Gekkeikan Sake’s only production plant outside of Japan is in Folsom for one reason — the water.

The water from nearby Folsom Lake is similar to that in Kyoto with its low mineral levels, which results in a smooth sake.

Gekkeikan’s tasting room.

California Calrose medium-grain rice is polished to remove 30 to 50 percent of its surface area, before being steeped, steamed and mixed with koji (fungi-innoculated rice), yeast and water to begin the month-long fermentation process. The solids are then separated from the liquid, which is the resulting sake.

At Gekkeikan in Folsom, workers go through an astounding 20,000 pounds of that rice a day to produce 24,000 bottles daily.

You can learn all this for yourself on a self-guided tour at the facility that’s surrounded by a tranquil Japanese garden and koi pond.

Afterward, visit the tasting room to sample for yourself. It’s free for up to five tastes. Enjoy the Haiku, a quite dry sake with hints of apple and pear, or the fun Zipang, a sparkling sake that’s imported from Japan.

Kennedy Tailing Wheels Park

Step back into history at Kennedy Trailing Wheels Park in the town of Jackson in Amador County, once a gold mining site in 1848.

In fact, the Kennedy mine was the deepest gold mine in North America in 1942, plummeting more than a mile below the ground.

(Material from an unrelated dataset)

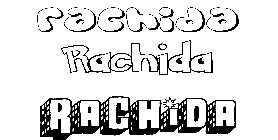 Coloriage Rachida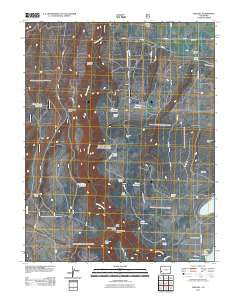 Oak Hill Colorado Historical topographic map, 1:24000 scale, 7.5 X 7.5 Minute, Year 2011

A series of 68-foot-diameter wheels, protected by steel sheds, were constructed to convey the mine silt (also know as tailing) 24-7 to a basin a mile away.

An illustration of the tailing wheels that used to ferry the silt away from the mine.

The historic wheel.

With the advent of World War II, the U.S. government shut down the mine. The sheds were picked apart to sell for scrap metal, leaving the wheels exposed to the elements.

That is until the city of Jackson, decided to save one of them in 2011. With government grants and private fund-raising to the tune of $800,000, the city managed to construct a shelter to protect the wheel, create a small park and put up an educational kiosk.

Today, you can view the massive wheel through the soaring glass-paned windows and imagine a time when gold was king.